Una sentenza prevista, non nella sua pesantezza, ma che non cancella i dubbi, anzi... - La scheda - I 7 paradossi - Tutti i processi di Berlusconi - I numeri - le reazioni del Pdl - il VIDEO della lettura della sentenza -

Alla vigilia della sentenza, Silvio Berlusconi lo aveva previsto: «Io lo so già come finisce, finisce male. Questo processo non sta né in cielo né in terra; ma siccome vogliono farmi fuori dalla scena politica approfitteranno anche di questa occasione».

Oggi, 24 giugno 2013, con l’abituale velocità impressa ai processi berlusconiani (il procedimento era iniziato il 6 aprile 2011 e si è concluso dopo oltre 50 udienze in 2 anni e 2 mesi), la sentenza per il «Rubygate» è arrivata e non ha stupito né l’imputato, né molti altri: è condanna, una condanna dura a  7 anni. Addirittura uno in più rispetto a quel che l’accusa, il 6 maggio, aveva chiesto alla fine della requisitoria: Ilda Boccassini aveva chiesto 6 anni, 5 dei quali per l’induzione indebita (la nuova formulazione del reato di concussione) e 1 anno per la prostituzione minorile. Nessuna attenuante, e in più l’interdizione perpetua dai pubblici uffici.

I giudici hanno hanno riconosciuto il Cavaliere colpevole di concussione «per costrizione», invece che «per induzione». La stessa procura non ha mai pensato che i funzionari della questura fossero stati «costretti».

La camera di consiglio è stata lunga. Sono servite oltre 7 ore alla presidente della Corte, Giulia Turri, con i due giudici a latere Carmen D'Elia e Orsolina De Cristofaro, per decidere. La corte ha stabilito anche l’interdizione perpetua dai pubblici uffici.
Le incongruenze del processo

Resta il fatto che il processo Ruby è particolarmente denso diparadossi, anomalie, incongruenze.

1) È un procedimeno nel quale la «vittima» del reato di prostituzione minorile, Kharima el Maroug, ha fatto avviare l’inchiesta nell’estate 2010 con cinque interrogatori. Ma in seguito non è mai stata dichiarata parte lesa e non è mai stata interrogata in aula: oggi, invece di attendere la sentenza, è partita in vacanza per il Messico con il marito. Incongruità nell’incongruità: la corte non ha voluto ascoltare Ruby, però ha acquisito agli atti la sua testimonianza, decisamente favorevole alla difesa, resa lo scorso 17 maggio nel parallelo processo milanese a Lele Mora, Emilio Fede e Nicole Minetti, accusati di sfruttamento della prostituzione.

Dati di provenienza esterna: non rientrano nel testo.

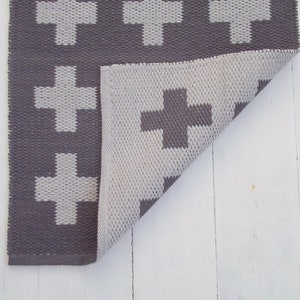 Gray Swiss Cross Rug, Plus Sign Rug, Accent Rug, Entryway Rug, Natural ...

2) Anche le presunte vittime dell’altro reato (la  concussione), e cioè i funzionari della Questura di Milano che Berlusconi avrebbe indotto a liberare Ruby, nel processo non sono entrati come parti civili, né hanno mai dichiarato di essere stati indotti a fare alcunché di illecito da parte dell’imputato. Hanno anzi confermato più volte e con forza di avere fatto soltanto il loro dovere, seguendo regole consolidate.

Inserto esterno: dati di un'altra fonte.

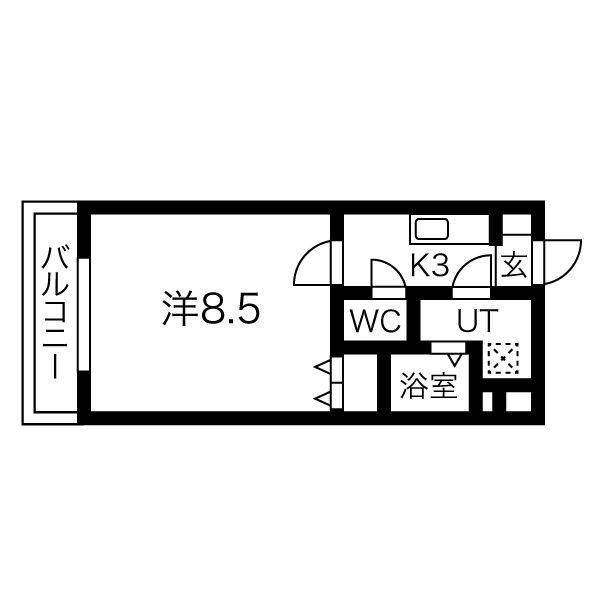 ハーヴェストVII(1K/2階)の間取り写真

Ma c’è un punto forse ancora più strano: la Procura di Milano (almeno finora) non li ha mai indagati per il minimo abuso, per la minima inadempienza. Come se il loro operato, che pure veniva dichiarato illecito dagli inquirenti, non fosse da perseguire.

3) L’accusa ha poi duramente censurato, nella requisitoria, i pagamenti a favore di numerosi testimoni, in gran parte soubrette, ospiti delle serate di Arcore che Berlusconi, nell’udienza del 20 aprile 2012, ha rivelato di aver voluto risarcire con mensili di vario importo per il danno d’immagine e professionale patito proprio a causa del Rubygate. La Procura ne ha sempre parlato come di una «grave anomalia», ma finora non risulta che abbia indagato sul punto. Certo, potrebbe sempre aprire un’inchiesta ipotizzando una clamorosa corruzione plurima di testimone. Ma sarebbe molto strano farlo ora, visto che il presunto reato è noto da oltre un anno.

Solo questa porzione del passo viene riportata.